1 Methodology

The point of this chapter is to explain the choices I made in building the model that the book is based around. But to understand the choices that I made, it helps to know a little bit about what a Latent Dirolecht Algorithm (LDA) does.

The inputs to the model are some texts, and a number. The model doesn’t care about the ordering of words in the texts, so really the input isn’t texts, but a list of lists of ordered pairs. Each ordered pair is a word and a number. In the version I’m using, the outer list is a list of philosophy articles. And each element of that list is a list of words in that article, along with the number of times the word appears.

Along with that, you give the model a number. This is the number of topics that you want the model to divide the texts into. I’ll call this number \(t\) in this introduction. And intuitively there is a function \(T\) that maps articles into the \(t\) topics.

What the model outputs is, for our purposes, a pair of probability functions - one for articles, and one for words.

The probability function for articles gives, for each article \(a\) and topic number \(n \in \{1, \dots, t\}\), a probability for \(T(a) = n\). That is, it gives a probability that the article is in that topic. Notably, it doesn’t identify the topics with any more than numbers. I’m going to give names to the topics - this one is Kant, this one is Composition and Constitution, etc. - but the model doesn’t do that. For it, the topics really are just integers between 1 and \(t\).

The probability function for words gives, for each word \(w\) from any of the articles, and topic number \(n \in \{1, \dots, t\}\), the probability that a randomly chosen word from the articles in that topic is \(w\). So in the Kant topic, the probability that a randomly chosen word is ‘Kant’ is about 0.14.

That number feels absurdly high, but it makes sense for a couple of reasons. One is that to make the models compile in even semi-reasonable time, I filtered out a lot of words. What’s it’s really saying is that the word ‘Kant’ produces about 1/7 of the tokens that remain. The other is that what it’s really giving you here is the probability that a random word in an article is ‘Kant’ conditional on the probability of that article being in the Kant is 1. And in fact the model is never that confident. Even for articles that you or I would say are unambiguously articles about Kant, the model is rarely more than 40% confident that that’s what they are about. And this is for a good reason. Most articles about Kant in philosophy journals are, naturally enough, about Kantian philosophy. And any part of Kantian philosophy is, well, philosophy. So the model has a topic on Beauty, and when it sees an article on Kantian aesthetics, it gives some probability the correct classification of that article is in the topic on Beauty. So the word probabilities are quite abstract things - they are something like word frequencies in a certain kind of of stereotyped article. What the model really wants to do is find \(t\) such stereotypes such that each article we started with is a linear mixture of the stereotypes.

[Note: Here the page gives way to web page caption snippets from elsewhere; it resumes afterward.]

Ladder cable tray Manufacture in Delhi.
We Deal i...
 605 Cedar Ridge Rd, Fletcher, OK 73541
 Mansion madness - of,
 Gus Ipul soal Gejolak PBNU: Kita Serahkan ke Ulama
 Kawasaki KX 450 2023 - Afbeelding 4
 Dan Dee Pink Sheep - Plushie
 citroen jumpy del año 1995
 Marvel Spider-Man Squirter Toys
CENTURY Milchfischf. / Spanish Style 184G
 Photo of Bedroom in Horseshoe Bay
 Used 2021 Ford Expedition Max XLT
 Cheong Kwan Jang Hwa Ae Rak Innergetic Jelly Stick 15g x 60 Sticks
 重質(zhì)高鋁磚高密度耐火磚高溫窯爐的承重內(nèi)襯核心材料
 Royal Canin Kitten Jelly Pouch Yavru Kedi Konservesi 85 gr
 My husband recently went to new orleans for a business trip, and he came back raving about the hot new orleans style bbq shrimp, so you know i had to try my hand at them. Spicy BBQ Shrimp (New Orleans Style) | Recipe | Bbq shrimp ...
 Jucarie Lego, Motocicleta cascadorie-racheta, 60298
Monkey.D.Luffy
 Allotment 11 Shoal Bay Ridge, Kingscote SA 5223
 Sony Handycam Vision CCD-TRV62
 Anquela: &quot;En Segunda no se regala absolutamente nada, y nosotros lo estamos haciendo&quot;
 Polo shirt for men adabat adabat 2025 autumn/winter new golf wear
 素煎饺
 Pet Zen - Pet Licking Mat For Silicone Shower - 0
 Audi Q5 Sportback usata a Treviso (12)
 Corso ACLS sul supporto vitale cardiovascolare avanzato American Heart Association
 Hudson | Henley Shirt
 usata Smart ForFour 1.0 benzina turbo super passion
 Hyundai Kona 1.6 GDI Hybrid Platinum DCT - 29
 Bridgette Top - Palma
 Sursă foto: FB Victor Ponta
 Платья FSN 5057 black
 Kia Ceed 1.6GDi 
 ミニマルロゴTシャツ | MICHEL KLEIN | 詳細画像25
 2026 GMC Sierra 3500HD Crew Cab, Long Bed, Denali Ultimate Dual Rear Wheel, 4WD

The way the model approaches this goal is by building two probability of functions, checking how well they cohere, and recursively refining them in places that they don’t cohere. The model wants, as much as possible, the word frequencies in the input to match the modelled frequencies you get by looking at the probability an article is in a particular topic, combined with the word frequencies for each of those topics. This is strictly speaking impossible; there aren’t enough degrees of freedom. But it can minimise the error, and it does so recursively.

The process involved is slow. I was able to build all the models I’ll discuss on personal computers, but it takes some processing time. The particular model I’m primarily using took about 20 hours to build, but I ran through many more hours than that building other models to compare it to.

And the process is very path dependent. The algorithm, like many algorithms, has the basic structure of pick a somewhat random starting point, then look for a local equilibrium. That’s incredibly dependent on how you start, and somewhat dependent on how you travel.

The point of this chapter is to describe how I chose the inputs to the model I ended up using, and then how I set various parameters within the model. The parameters are primarily, in terms of the metaphor of the previous paragraph, the starting point of the search, and how long the search should go before we decide we’re at something close enough to an equilibrium.

The inputs are more complex. Very roughly, the inputs I used are the frequently occurring contentful words from research articles in twelve important philosophy journals. I’ll start by talking about how and why I selected the particular twelve journals that I did.